88話 青年体
「お前の相手は俺だ!バーリル!」
青年体となったバーリルに向けて江川はそう言い放つと、バーリルは少しクスクスと笑いながら答えた。
「俺も舐められたものだな。まさか一人で戦う気か?」
「一人で戦う気だが、舐めちゃいないよ。むしろ、恐いさ」
「どうだかねぇ」
バーリルはそう言うと、猛スピードで江川へと走り出した。
江川はそれに迎え撃つように二本の刀を構え、バーリルへと走り出した。江川はバーリルに向けて刀を振ったが、バーリルの硬い拳は刀を弾き、江川へと強烈なパンチを打ち込んだ。
あまりにも強烈なパンチを打ち込まれた江川はその場で動けなくなってしまい、バーリルに呆気なく胸ぐらを掴まれた。
「どうした?戦うんじゃなかったのか?このままだと、戦いごっこに変わってしまうぞ?」
江川の胸ぐらを掴んだバーリルはそう言うと、江川の顔面に何発もの攻撃を与えた。
そんなバーリルに向かって鎖状のムチが襲いかかった。クラネがバーリルへと攻撃したのだ。
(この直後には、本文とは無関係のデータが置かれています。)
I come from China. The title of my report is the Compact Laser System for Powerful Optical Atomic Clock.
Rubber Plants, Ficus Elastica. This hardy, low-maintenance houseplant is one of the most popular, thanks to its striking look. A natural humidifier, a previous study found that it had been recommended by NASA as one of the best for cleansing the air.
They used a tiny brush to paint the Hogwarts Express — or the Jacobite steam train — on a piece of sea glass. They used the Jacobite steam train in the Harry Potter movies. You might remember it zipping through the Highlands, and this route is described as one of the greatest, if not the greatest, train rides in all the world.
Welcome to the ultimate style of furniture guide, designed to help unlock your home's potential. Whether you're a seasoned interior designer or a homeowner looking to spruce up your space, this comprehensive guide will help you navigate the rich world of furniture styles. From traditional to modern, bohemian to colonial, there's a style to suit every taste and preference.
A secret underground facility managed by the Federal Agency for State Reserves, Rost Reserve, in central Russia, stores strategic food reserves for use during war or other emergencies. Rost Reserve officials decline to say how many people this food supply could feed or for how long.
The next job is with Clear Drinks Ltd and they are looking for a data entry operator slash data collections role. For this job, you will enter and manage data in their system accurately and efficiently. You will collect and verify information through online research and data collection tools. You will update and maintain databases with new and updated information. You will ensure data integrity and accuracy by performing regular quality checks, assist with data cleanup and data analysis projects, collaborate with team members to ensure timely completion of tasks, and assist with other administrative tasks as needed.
バーリルは江川の胸ぐらを手放し、ムチを避けると、クラネへと視線を向けた。
「俺は女だからと言って容赦はしないぞ」
バーリルはそう言いながらクラネへと走り出すと、突如、クラネの目の前に魔法陣が現れた。
「え?」
「魔法陣が!」
クラネとトネイルもその魔法陣の出現に驚いた瞬間、その魔法陣から何者かが召喚され、クラネへと走っていたバーリルを蹴り飛ばした。
江川は起き上がり、その魔法陣を見て呟いた。
「あの魔法陣は遠距離瞬間移動の魔法陣。そんな魔術を使えるのは……キルビスさんくらいか」
その魔法陣から現れた者はトネイルとクラネに言う。
「遅れてすまない。嫌な気配を感じてこっちへ飛ばしてもらったんだが、どうやら当たりだったようだな」
魔法陣から現れたのはシンだった。
日本で修行していたシンがキルビスの遠距離瞬間移動の魔術によってこちらに飛んできたのだ。
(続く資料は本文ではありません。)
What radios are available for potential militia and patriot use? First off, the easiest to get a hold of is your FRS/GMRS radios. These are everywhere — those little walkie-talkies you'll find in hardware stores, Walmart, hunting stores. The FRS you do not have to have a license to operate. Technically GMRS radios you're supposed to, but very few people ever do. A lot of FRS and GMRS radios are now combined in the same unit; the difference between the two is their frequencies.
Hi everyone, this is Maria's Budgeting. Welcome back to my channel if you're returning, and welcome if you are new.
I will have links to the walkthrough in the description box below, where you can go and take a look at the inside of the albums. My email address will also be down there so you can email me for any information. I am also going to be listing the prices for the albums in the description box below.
「状況は絶望的だったが、一気に逆転したな!江川さんとシンが手を組めば、松田隼人が戻ってくるまでの時間稼ぎは充分!もしかしたらバーリルを倒せるかもしれない!」
トネイルはそう言うと、シンはこう言い放った。
「いや、俺一人で充分だ。新しい技を試すには絶好の機会だからな」
「おいおい、まさか俺を相手に一人で来る気か?」
バーリルはシンへそう問いかけると、シンは答える。
「そうだ。時間稼ぎなら、俺一人で充分だと言ったんだ」
シンはそう言いつつ戦闘態勢を取ると、バーリルがシンへと向かって走り出した。
「面白い!お前は簡単には死なせんぞ!たっぷり痛みつけてからだ!」
走ってきたバーリルに向かってシンも迎え撃とうとし、両者は正面から攻撃を仕掛けた。
お互いに正面からパンチを仕掛けたが、若干、仕掛けたタイミングがバーリルのほうが速かった。しかし、シンがパンチを仕掛ける瞬間、シンの身体が一瞬だけ魔人化したことにバーリルは気づいた。
バーリルが放ったパンチはシンがパンチを放つタイミングより速かったが、パンチが直撃するのはシンのパンチのほうが速かった。
シンは自らが殴り飛ばされる前にバーリルを殴り飛ばした。
殴り飛ばしたバーリルに向かってシンはそう問いかける。